**TASK ITEM:** Apart from the pictures, every entry below should be repeated exactly.

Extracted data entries
********************
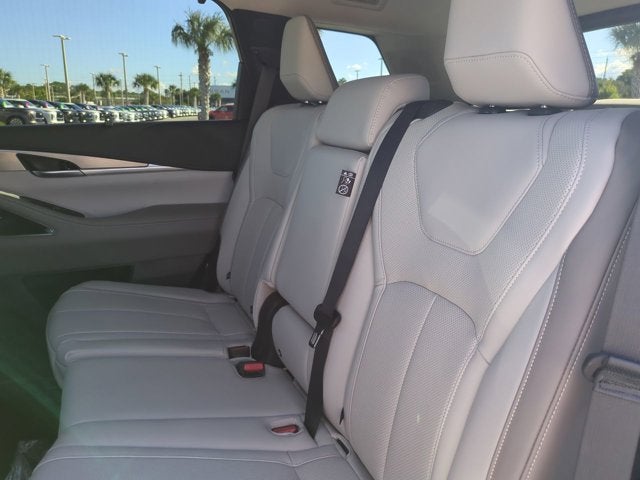 2026 INFINITI QX60 LUXE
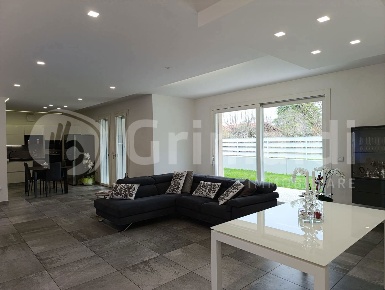 Foto Villa bifamiliare in San Bellino, Albignasego Mandriola di 198 m²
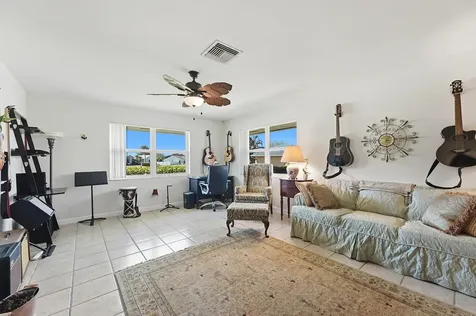 1100 Fleetwood Lane Fort Pierce FL 34982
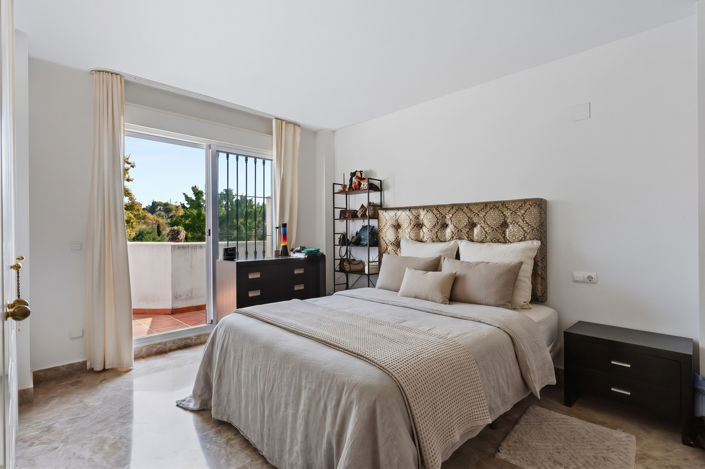Image No.6-3 Bed Townhouse for sale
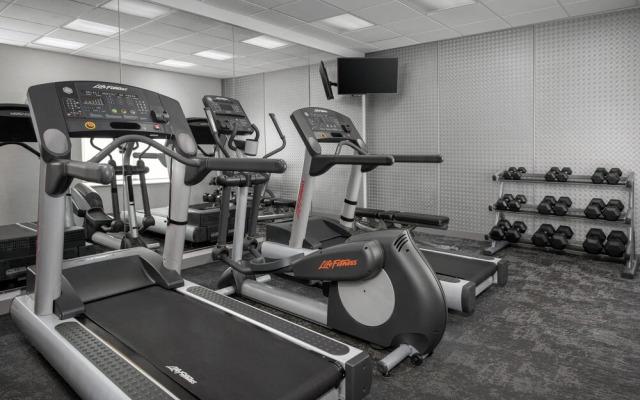 Fairfield Inn & Suites Roanoke North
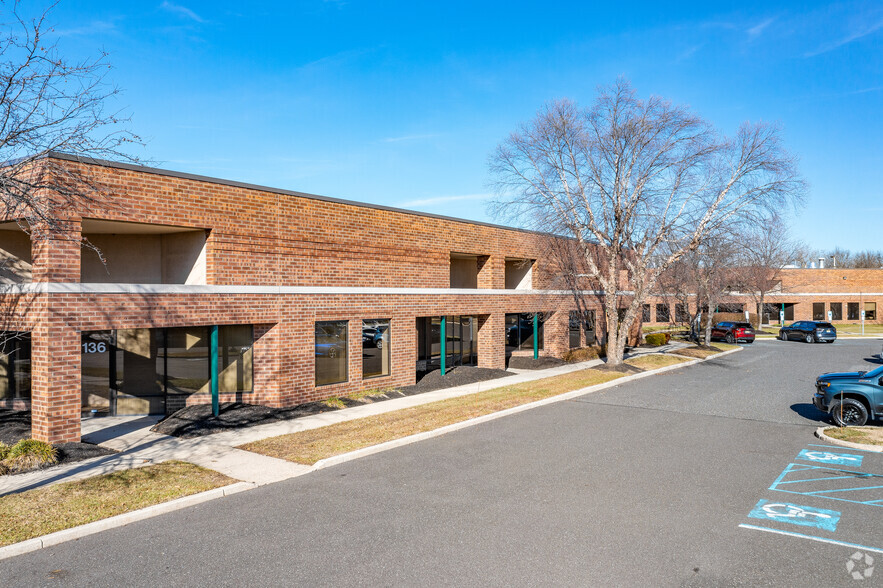 130 Gaither Dr, Mount Laurel, NJ for rent - Building Photo - Image 1 of 5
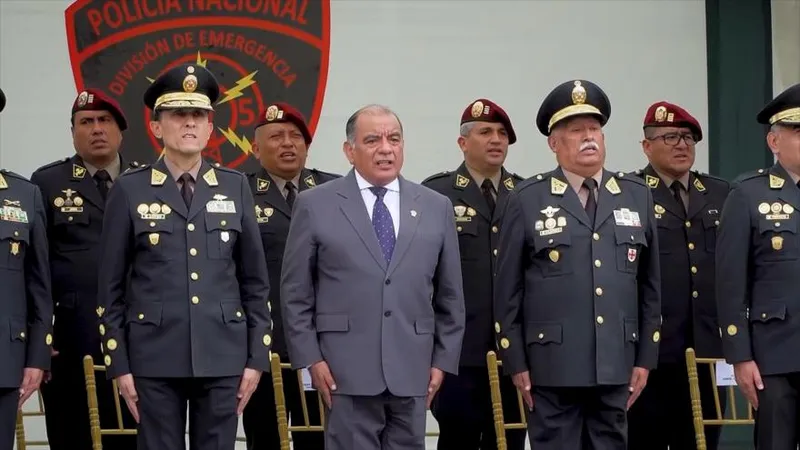 Escalada de criminalidad en Perú pone al ministro del Interior ante una censura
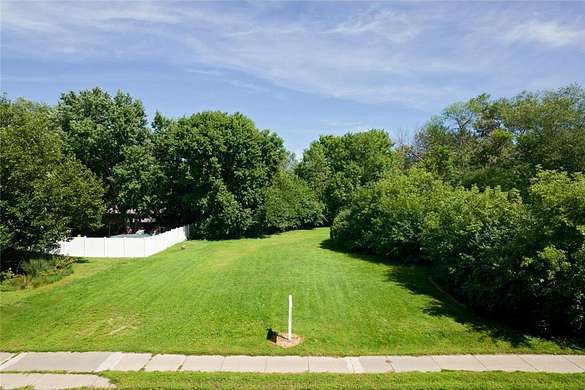 0.53 Acres of Residential Land for Sale in Roseville, Minnesota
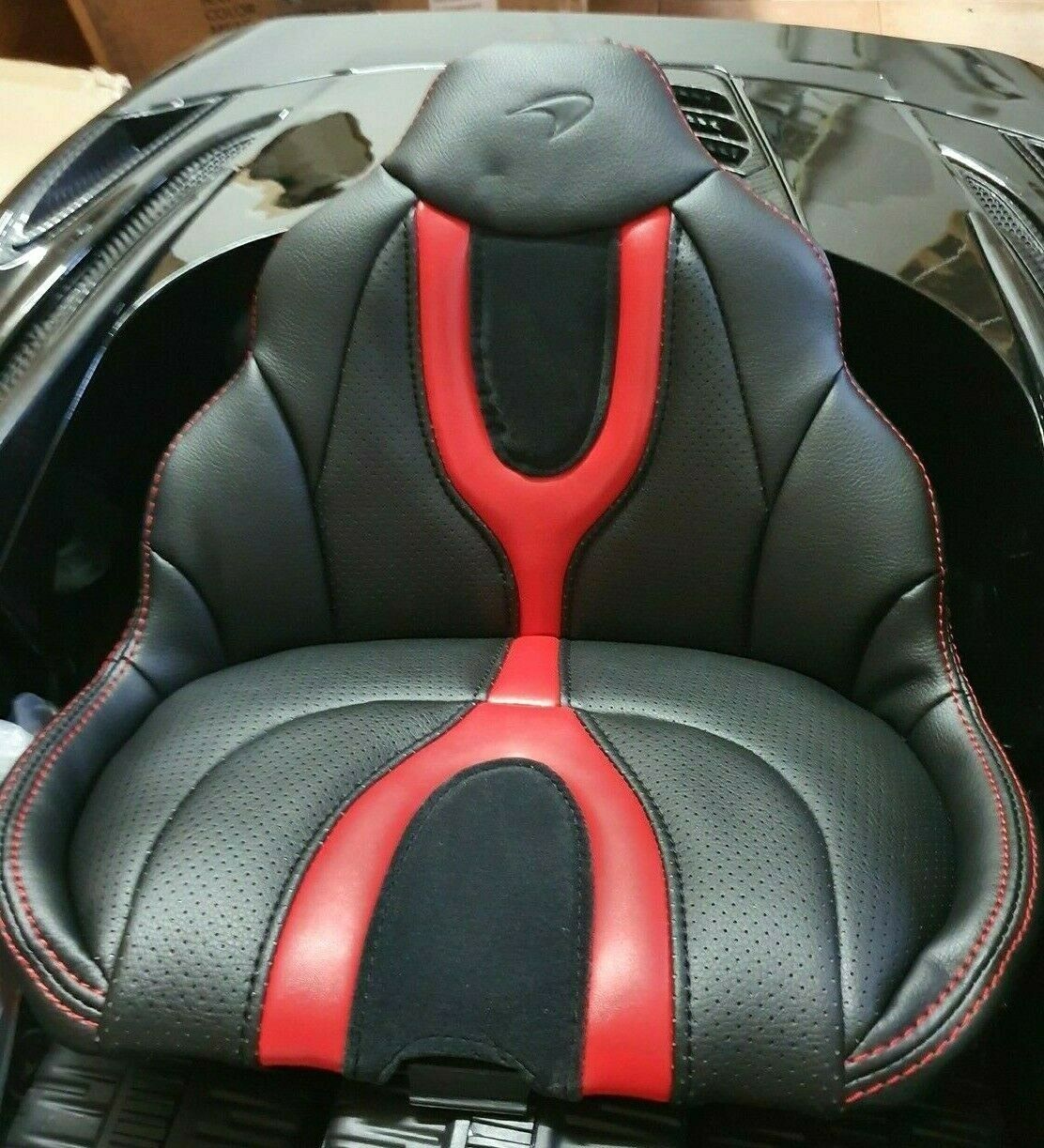 MCLAREN 720S (VIOLA) MONOPOSTO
********************
**SOLUTION:**
 2026 INFINITI QX60 LUXE
 Foto Villa bifamiliare in San Bellino, Albignasego Mandriola di 198 m²
 1100 Fleetwood Lane Fort Pierce FL 34982
Image No.6-3 Bed Townhouse for sale
 Fairfield Inn & Suites Roanoke North
 130 Gaither Dr, Mount Laurel, NJ for rent - Building Photo - Image 1 of 5
 Escalada de criminalidad en Perú pone al ministro del Interior ante una censura
 0.53 Acres of Residential Land for Sale in Roseville, Minnesota
 MCLAREN 720S (VIOLA) MONOPOSTO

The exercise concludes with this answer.